Filtering a TTree (via RDataFrame) with indexed branches

efernandes · December 21, 2022, 5:25pm

Dear experts,

I have a few related questions. Before asking them, a bit of context. I have a TTree with many leaves/objects (more than one billion) and just a few branches. My branches store categorical data (I’m using strings now but I can convert them to integer codes). I want to query this large tree for a few objects based on the values in the branches. When I do this using RDataFrame.Filter for each object (something like b1==“a” && b2==“b” && b3==“c”), it is taking too long. I need to speedup this. So what I have considered up to now and want to make some questions about is the following:

Is TTree::BuildIndex(…) adequate to speedup queries? More specifically, would RDataFrame::Filter() use it automatically? If yes, can I make an index based only on one branch? I suppose I cannot because I have seen at some documentation that an index must give unique keys for each leaf. In my case, this won’t happen.
In case the idea above does not work (as I suspect), is there any functionality in ROOT that can be used to index a tree in order to speedup the Filter method?
Another idea I had was to make my data “wide”. Since ROOT is good to work with part of the branches, I could create a branch for each possible value of my first branch (b1, for instance). I would end up with a few million branches (!!!). Does ROOT support so many branches? Is there a practical limit for the number of branches?
If the idea above is feasible, does it make sense in order to speedup the Filter method?

Best regards,
Eraldo.

couet · January 5, 2023, 10:22am

Welcome to the ROOT forum.

I guess @eguiraud can help.

eguiraud · January 5, 2023, 4:15pm

Hi Eraldo,

welcome to the ROOT forum and sorry for the high latency (Christmas break ).

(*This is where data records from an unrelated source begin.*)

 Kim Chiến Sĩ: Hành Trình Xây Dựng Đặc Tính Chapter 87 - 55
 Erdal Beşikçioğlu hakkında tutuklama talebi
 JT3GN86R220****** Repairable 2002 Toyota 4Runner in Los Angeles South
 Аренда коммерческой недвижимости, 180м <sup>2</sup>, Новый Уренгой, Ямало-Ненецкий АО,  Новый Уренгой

I guess you mean more than one billion entries (aka events).

Ok, let’s start from here: what’s “too long”? How many entries per second are we talking about? You can activate RDF execution logs to retrieve the setup time and the running time of RDataFrame (I recommend using v6.26.10 for this). Other important info: what ROOT version is this with? Are you using Python, compiled C++ or interpreted ROOT macros? How many cores?

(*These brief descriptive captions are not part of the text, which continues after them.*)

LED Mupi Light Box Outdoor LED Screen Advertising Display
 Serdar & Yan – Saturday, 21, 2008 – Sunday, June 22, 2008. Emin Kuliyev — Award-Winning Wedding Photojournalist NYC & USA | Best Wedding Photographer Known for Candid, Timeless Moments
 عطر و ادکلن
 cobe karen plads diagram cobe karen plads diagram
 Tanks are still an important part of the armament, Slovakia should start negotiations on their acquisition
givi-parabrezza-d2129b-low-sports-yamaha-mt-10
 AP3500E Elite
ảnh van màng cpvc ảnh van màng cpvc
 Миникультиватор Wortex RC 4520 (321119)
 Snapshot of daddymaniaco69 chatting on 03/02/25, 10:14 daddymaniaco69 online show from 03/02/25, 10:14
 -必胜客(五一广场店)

And the most important thing with RDataFrame: are you sure you are running all your queries in a single event loop (by booking everything you want to do first, and accessing any of the booked results later) rather than running a loop over data for each Filter? You can check the number of event loops a dataframe has run with df.GetNRuns() – ideally it should be 1.

About your other questions:

BuildIndex is used to access entries of a second tree, indexing them based on some values in the main tree, so it does not apply here as far as I understand. It does not have anything to do with the SQL concept of indexing.
In general, for each query, you can run it once and store the entry numbers of the entries that pass the selection in a TEntryList. Subsequently you can use TTree+TEntryList and the tree will only loop over the entries listed in the TEntryList. If you run many queries at a time, though, each will have a different entry list, and this method becomes impractical.
The TTree format is really designed to be used like you are using it already, I doubt the performance with millions of branches will be better.

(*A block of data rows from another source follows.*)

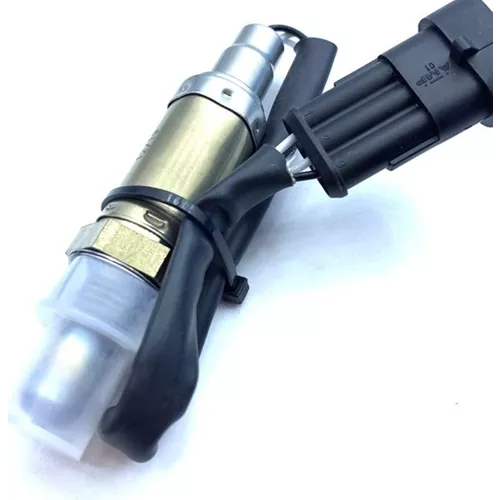 https://www.atisoft.org, Ekim-Hks120009, 7700273715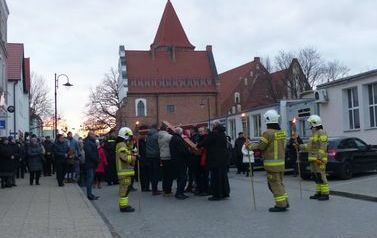 droga-krzyzowa_05042023_018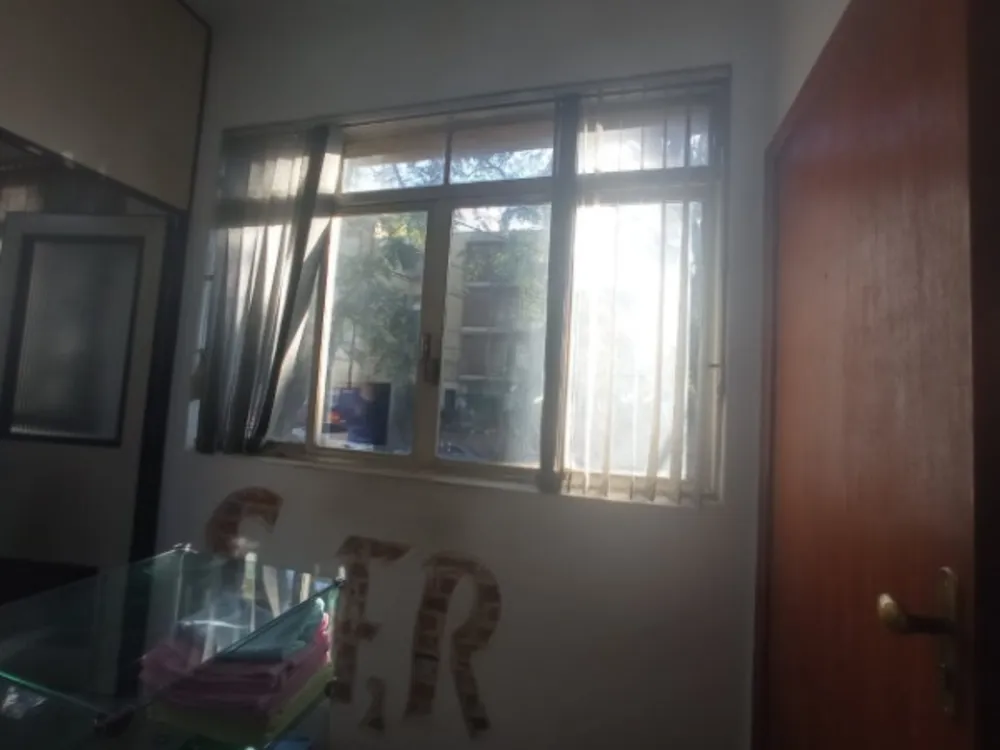 Sala-Conjunto, 20 m² - Foto 3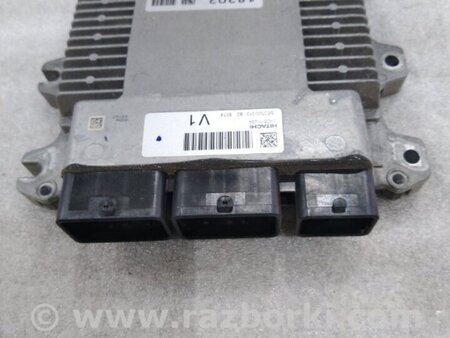 ФОТО Блок управления для Infiniti QX50 II II P71A (17-25) Київ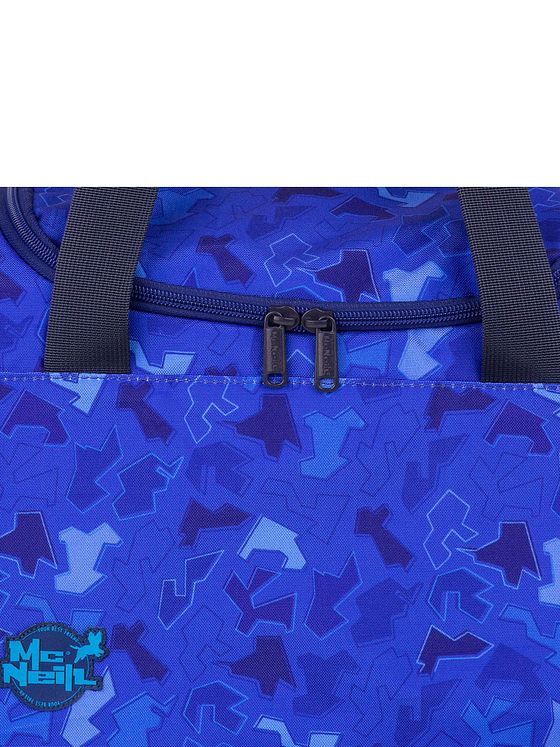 McNeill Træningspose 37 cm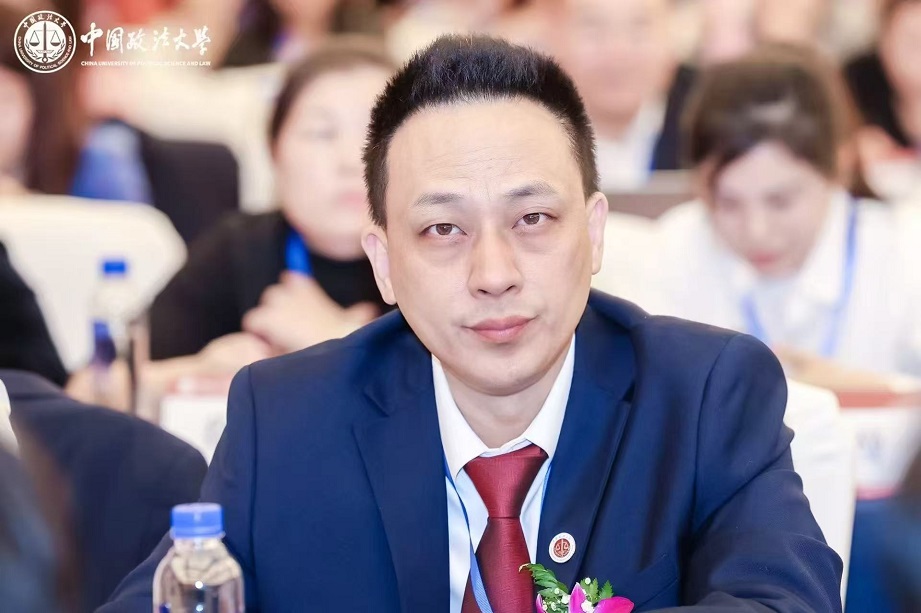 �й�������ѧ�о����㽭У�ѻ�ʮ������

I propose to clarify what slow means in this case and how many event loops you are performing, then move from there. See also “Executing multiple actions in the same event loop” at ROOT: ROOT::RDataFrame Class Reference .

Cheers,
Enrico

efernandes · January 11, 2023, 9:19am

Exactly!

Ok. That is a bunch of valuable information for me. I’ll investigate those and follow up here if necessary.

eguiraud:

About your other questions:

BuildIndex is used to access entries of a second tree, indexing them based on some values in the main tree, so it does not apply here as far as I understand. It does not have anything to do with the SQL concept of indexing.

In general, for each query, you can run it once and store the entry numbers of the entries that pass the selection in a TEntryList. Subsequently you can use TTree+TEntryList and the tree will only loop over the entries listed in the TEntryList. If you run many queries at a time, though, each will have a different entry list, and this method becomes impractical.

The TTree format is really designed to be used like you are using it already, I doubt the performance with millions of branches will be better.

I propose to clarify what slow means in this case and how many event loops you are performing, then move from there. See also “Executing multiple actions in the same event loop” at ROOT: ROOT::RDataFrame Class Reference .

Thank you a lot, @eguiraud !